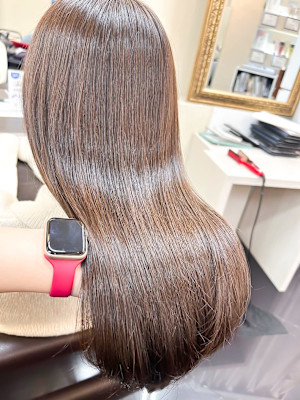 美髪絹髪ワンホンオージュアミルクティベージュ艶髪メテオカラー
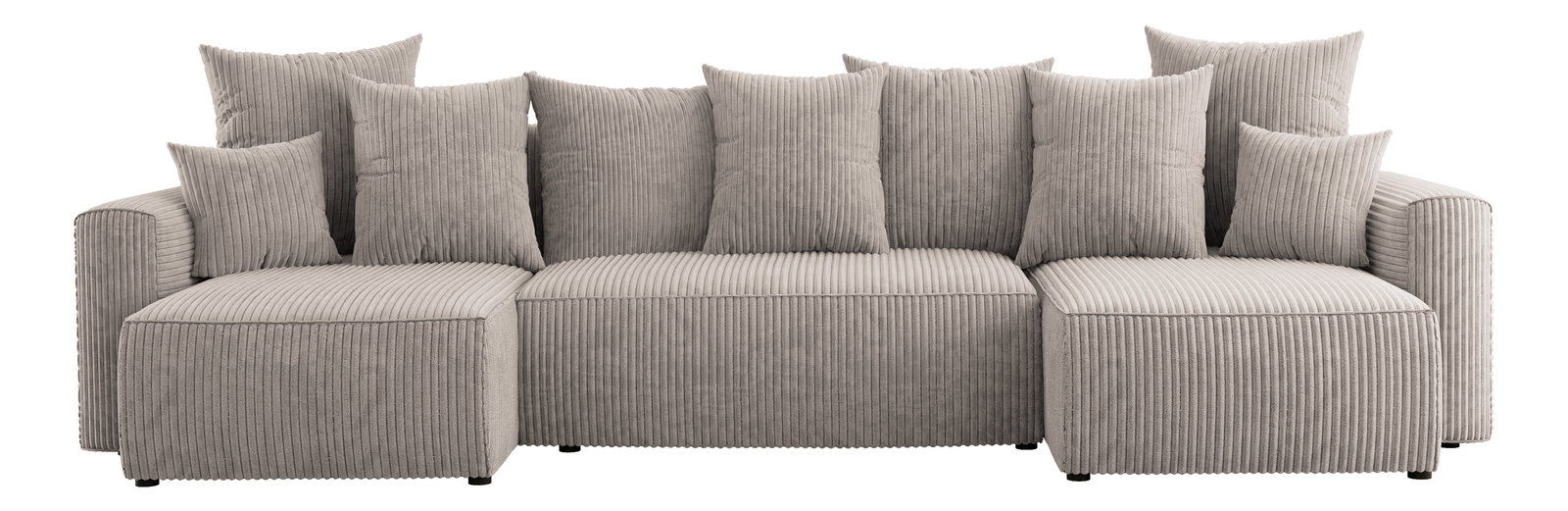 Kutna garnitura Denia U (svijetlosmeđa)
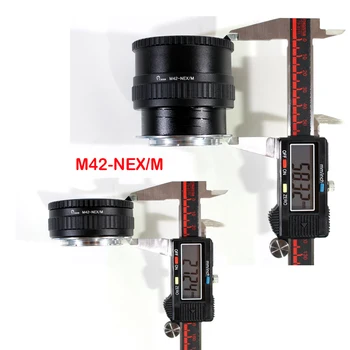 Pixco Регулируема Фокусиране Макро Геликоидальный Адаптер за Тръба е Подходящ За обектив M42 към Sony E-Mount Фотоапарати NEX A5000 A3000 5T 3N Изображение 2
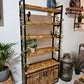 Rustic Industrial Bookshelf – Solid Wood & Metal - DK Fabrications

● ● ● ● ●

→ **What you are asked to do**
Without the pictures, please reproduce each line of the listing above exactly, from the first one through the line bearing "Pixco Регулируема Фокусиране".

→ **Finished exercise**
 美髪絹髪ワンホンオージュアミルクティベージュ艶髪メテオカラー
 Kutna garnitura Denia U (svijetlosmeđa)
 Pixco Регулируема Фокусиране Макро Геликоидальный Адаптер за Тръба е Подходящ За обектив M42 към Sony E-Mount Фотоапарати NEX A5000 A3000 5T 3N Изображение 2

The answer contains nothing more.